O sujeito mais feliz que eu conheço chama-se J. (resguardemos a identidade),
tem 30 anos (a mesma idade minha), é um ex-drogado, agora um operário
qualificado, poeta bissexto, toca bateria na banda da Congregação
Unidos em Jesus e tem um sólido casamento de seis anos!
Conheci J. nas festinhas rock'n'roll que os meus primos promoviam. Muita
bebida e meninas louquinhas! O J. era um radical que só ouvia heavy
metal satanista. Então traduzi umas letras para a sua particular
devoção. Passou-se um tempo. Talvez uns dois anos. Então
reencontrei J. e quase não o reconheci! Cabelo cortado, trajes decentes,
outra pessoa! E a renegar seu passado "satânico", a dizer que
blasfemava sem saber. Agradecia eu ter traduzido as letras, pois ele não
sabia inglês, e ouvia "coisas abomináveis". E eu tentando
entender.
Realmente escandalizado, o J. ouvia um som pesado e nem sabia do que se tratava!
Agora está feliz. Tranquilo. Sem inquietações. Não
pede muito da vida. Queria uma bateria. Não podia comprar. Descobriu
no quarteirão uma portinha de igreja com banda e tudo. Lá dentro
o maior rock'n'roll! Enturmou-se, converteu-se. Aceitou Jesus e o Pastor
Dirceu. Foi tocar bateria na Congregação. Logo atraiu uma donzela.
A., 5 anos mais jovem. Sucedeu-se o flerte. Logo, o namoro. Tudo aprovado pela
Congregação.
J. largou as drogas. E depois as bebidas.

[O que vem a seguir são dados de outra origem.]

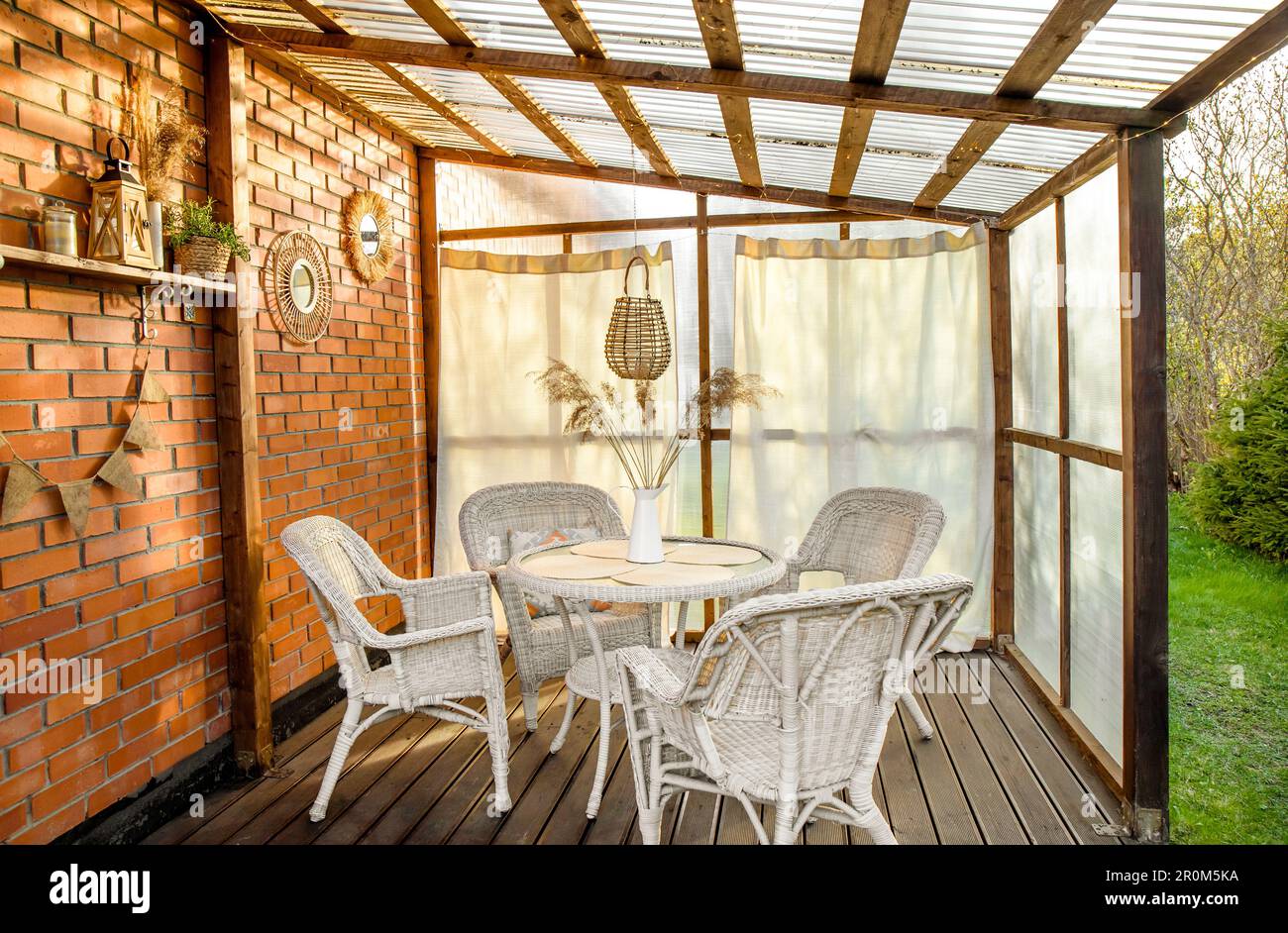 Terrazza con patio in stile boho con tende e decorazioni in vimini, rattan e canna. Parete in plastica serra e soffitto in policarbonato. Foto Stock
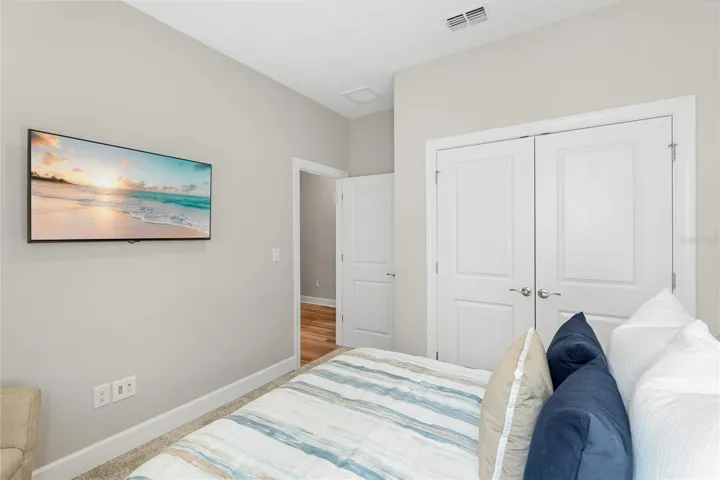 Guest Bedroom 3 with large built in closet and large window to bring in abundant natural light.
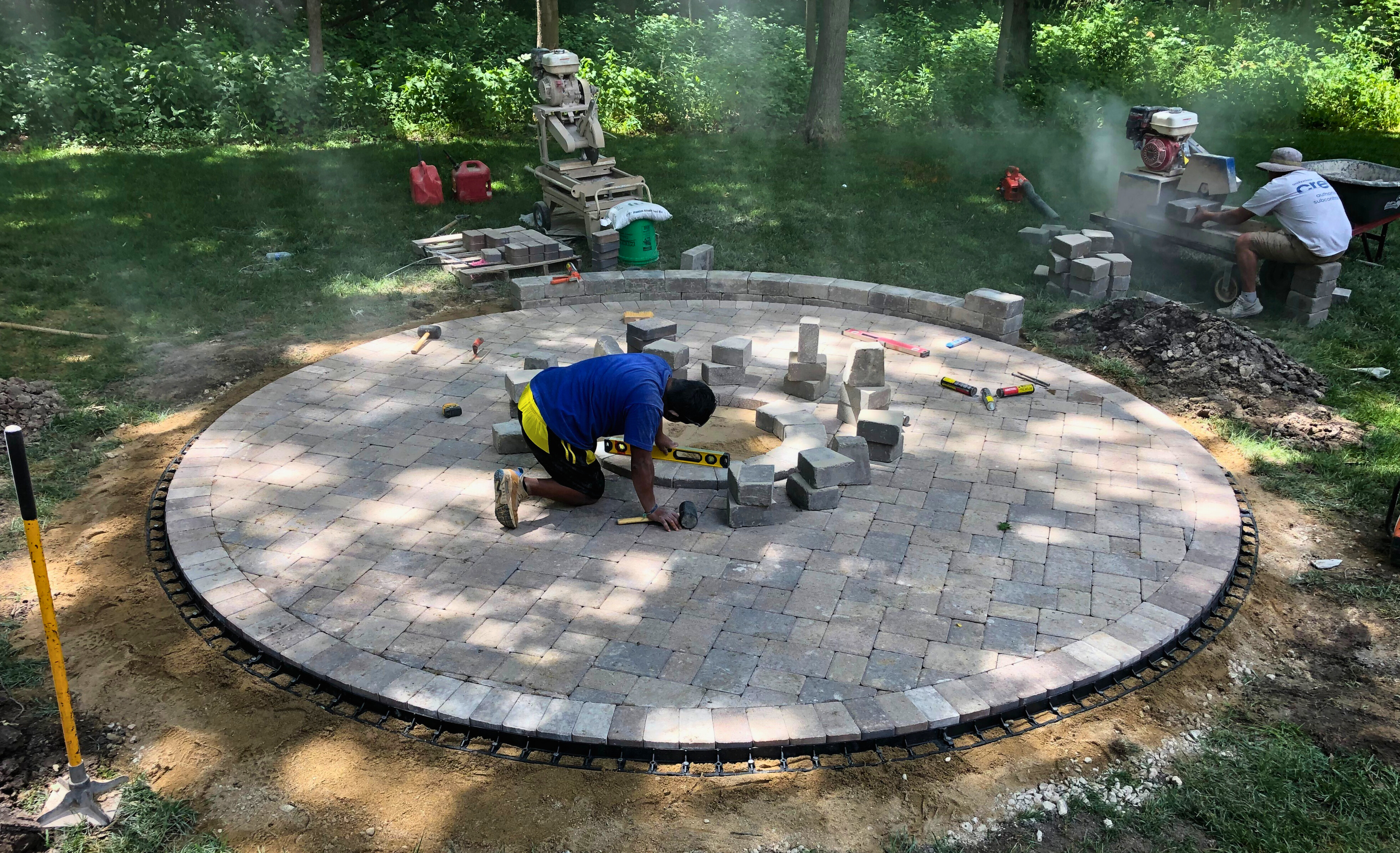 Paver patio installers installing a fire pit and circle patio.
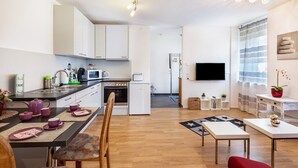 A modern kitchen with white cabinets, a dining table with chairs, a TV mounted on the wall, and a small seating area with a red chair and a plant.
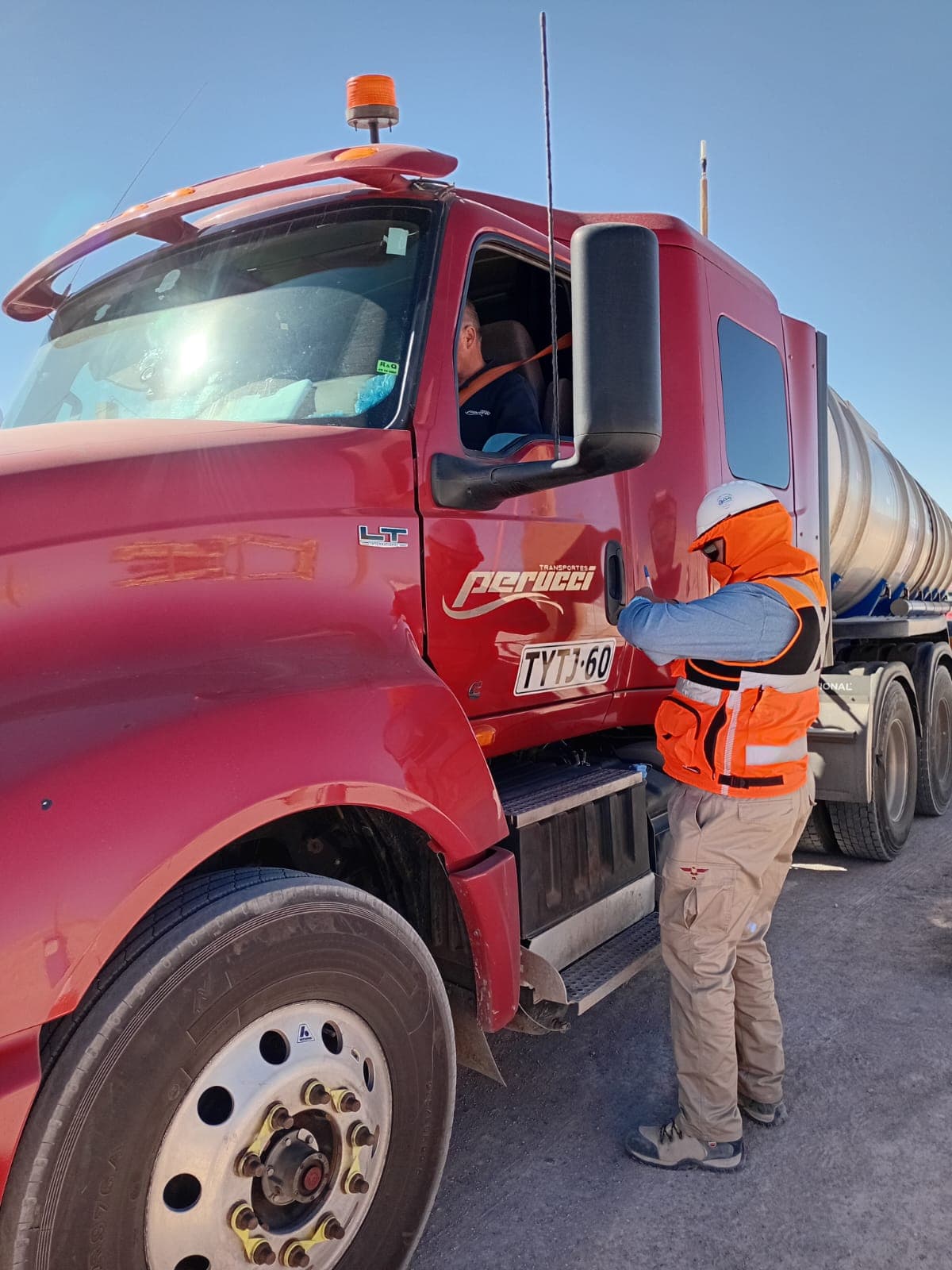 Guard controlling a tanker truck at a job site access point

Passou a tocar nos cultos. Daqueles
bem animados. Hinos e palmas. Gritos, às vezes. Um show! E ele muito
feliz, agora que se anunciava o noivado. Purificado e feliz, um novo homem.
Um irmão da igreja tornou-se seu novo amigo. Conseguiu uma carta de recomendação
para uma empresa que fornece peças para a FIAT. Ele fez os testes e exames
e foi aprovado. É hoje operário, com um salário de 1.200
reais. O maior salário na sua família. Nunca sonhou em ganhar
tanto!
Convertido, J. agora se diz 'gospel'. Ouve rock, com certeza. Mas é
rock 'gospel'. 100% cristão, ele garante. Parece hard rock,
mas é "white metal". Lê poetas do "mundo",
mas sua leitura de cabeceira é a Bíblia, e algum livro indicado
pelo Pastor Dirceu. Afinal, recomendação é recomendação!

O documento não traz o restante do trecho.